Assignment: Range to output from the entries below: the line containing "Unit 9 - Summerstown, London, Industrial" through the line containing "Additional image 7". Set it down exactly, ends included, nothing else.

Data items
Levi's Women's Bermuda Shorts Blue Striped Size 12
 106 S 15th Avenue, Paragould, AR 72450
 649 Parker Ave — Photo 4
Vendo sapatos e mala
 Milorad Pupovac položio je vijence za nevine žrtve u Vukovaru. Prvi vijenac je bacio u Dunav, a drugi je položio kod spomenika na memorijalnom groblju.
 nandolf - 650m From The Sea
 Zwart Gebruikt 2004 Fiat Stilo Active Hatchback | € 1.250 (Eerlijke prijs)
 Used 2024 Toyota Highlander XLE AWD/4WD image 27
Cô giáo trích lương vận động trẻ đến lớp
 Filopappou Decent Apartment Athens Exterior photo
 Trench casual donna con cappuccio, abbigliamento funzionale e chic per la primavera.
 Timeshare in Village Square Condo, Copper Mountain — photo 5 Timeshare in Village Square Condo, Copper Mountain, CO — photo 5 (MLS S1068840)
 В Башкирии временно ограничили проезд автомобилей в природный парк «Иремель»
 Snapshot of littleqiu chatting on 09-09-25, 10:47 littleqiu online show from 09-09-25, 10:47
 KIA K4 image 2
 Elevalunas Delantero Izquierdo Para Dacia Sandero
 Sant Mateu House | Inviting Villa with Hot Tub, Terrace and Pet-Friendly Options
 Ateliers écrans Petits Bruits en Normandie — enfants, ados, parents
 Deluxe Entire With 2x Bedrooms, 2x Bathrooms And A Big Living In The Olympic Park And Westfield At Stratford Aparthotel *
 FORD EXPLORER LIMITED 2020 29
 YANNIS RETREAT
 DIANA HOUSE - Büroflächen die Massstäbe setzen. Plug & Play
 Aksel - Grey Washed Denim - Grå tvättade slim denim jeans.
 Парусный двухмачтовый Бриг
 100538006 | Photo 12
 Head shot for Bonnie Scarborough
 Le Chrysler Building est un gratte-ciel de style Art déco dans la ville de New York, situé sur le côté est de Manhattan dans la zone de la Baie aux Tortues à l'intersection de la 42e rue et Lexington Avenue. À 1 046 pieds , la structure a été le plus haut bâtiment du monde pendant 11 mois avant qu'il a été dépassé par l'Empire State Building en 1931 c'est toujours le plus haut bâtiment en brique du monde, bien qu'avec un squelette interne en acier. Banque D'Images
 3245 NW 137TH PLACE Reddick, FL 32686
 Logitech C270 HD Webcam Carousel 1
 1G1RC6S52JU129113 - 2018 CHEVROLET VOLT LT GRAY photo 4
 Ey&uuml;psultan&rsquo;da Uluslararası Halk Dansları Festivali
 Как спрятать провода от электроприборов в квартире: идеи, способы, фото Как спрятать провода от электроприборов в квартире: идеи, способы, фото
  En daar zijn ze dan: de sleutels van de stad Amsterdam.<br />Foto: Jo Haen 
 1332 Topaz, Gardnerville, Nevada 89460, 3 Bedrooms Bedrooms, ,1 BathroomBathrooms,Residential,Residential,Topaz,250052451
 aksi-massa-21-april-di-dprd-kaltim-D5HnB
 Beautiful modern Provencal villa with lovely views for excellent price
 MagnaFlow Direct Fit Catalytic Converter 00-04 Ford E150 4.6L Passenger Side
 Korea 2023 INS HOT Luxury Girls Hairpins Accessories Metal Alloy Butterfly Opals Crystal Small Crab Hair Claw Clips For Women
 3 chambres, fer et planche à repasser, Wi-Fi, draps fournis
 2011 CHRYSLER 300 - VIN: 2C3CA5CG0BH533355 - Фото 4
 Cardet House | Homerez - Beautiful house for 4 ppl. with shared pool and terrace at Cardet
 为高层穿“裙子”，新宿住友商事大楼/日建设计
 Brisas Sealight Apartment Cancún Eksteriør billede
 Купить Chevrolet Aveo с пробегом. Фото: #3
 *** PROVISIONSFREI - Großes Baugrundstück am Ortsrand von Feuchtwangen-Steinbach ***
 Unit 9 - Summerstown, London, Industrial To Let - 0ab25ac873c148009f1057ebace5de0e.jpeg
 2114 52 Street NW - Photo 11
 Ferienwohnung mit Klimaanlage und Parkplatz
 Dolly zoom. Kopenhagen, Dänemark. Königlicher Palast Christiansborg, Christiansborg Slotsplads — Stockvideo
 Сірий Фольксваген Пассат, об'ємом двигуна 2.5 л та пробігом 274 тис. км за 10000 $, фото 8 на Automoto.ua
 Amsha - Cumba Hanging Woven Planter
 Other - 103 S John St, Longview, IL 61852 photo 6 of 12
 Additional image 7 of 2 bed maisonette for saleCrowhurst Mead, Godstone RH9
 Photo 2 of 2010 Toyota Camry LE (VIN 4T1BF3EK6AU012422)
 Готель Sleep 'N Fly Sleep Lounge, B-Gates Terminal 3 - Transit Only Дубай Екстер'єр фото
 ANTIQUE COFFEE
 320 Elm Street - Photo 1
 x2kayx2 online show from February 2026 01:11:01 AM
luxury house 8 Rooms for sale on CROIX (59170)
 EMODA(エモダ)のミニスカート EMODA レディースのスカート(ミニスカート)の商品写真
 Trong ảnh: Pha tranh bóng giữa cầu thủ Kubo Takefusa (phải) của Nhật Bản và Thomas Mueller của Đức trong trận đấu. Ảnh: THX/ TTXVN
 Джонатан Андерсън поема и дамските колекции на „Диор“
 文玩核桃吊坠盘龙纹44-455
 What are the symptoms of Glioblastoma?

Output for this exercise:
 Unit 9 - Summerstown, London, Industrial To Let - 0ab25ac873c148009f1057ebace5de0e.jpeg
 2114 52 Street NW - Photo 11
 Ferienwohnung mit Klimaanlage und Parkplatz
 Dolly zoom. Kopenhagen, Dänemark. Königlicher Palast Christiansborg, Christiansborg Slotsplads — Stockvideo
 Сірий Фольксваген Пассат, об'ємом двигуна 2.5 л та пробігом 274 тис. км за 10000 $, фото 8 на Automoto.ua
 Amsha - Cumba Hanging Woven Planter
 Other - 103 S John St, Longview, IL 61852 photo 6 of 12
 Additional image 7 of 2 bed maisonette for saleCrowhurst Mead, Godstone RH9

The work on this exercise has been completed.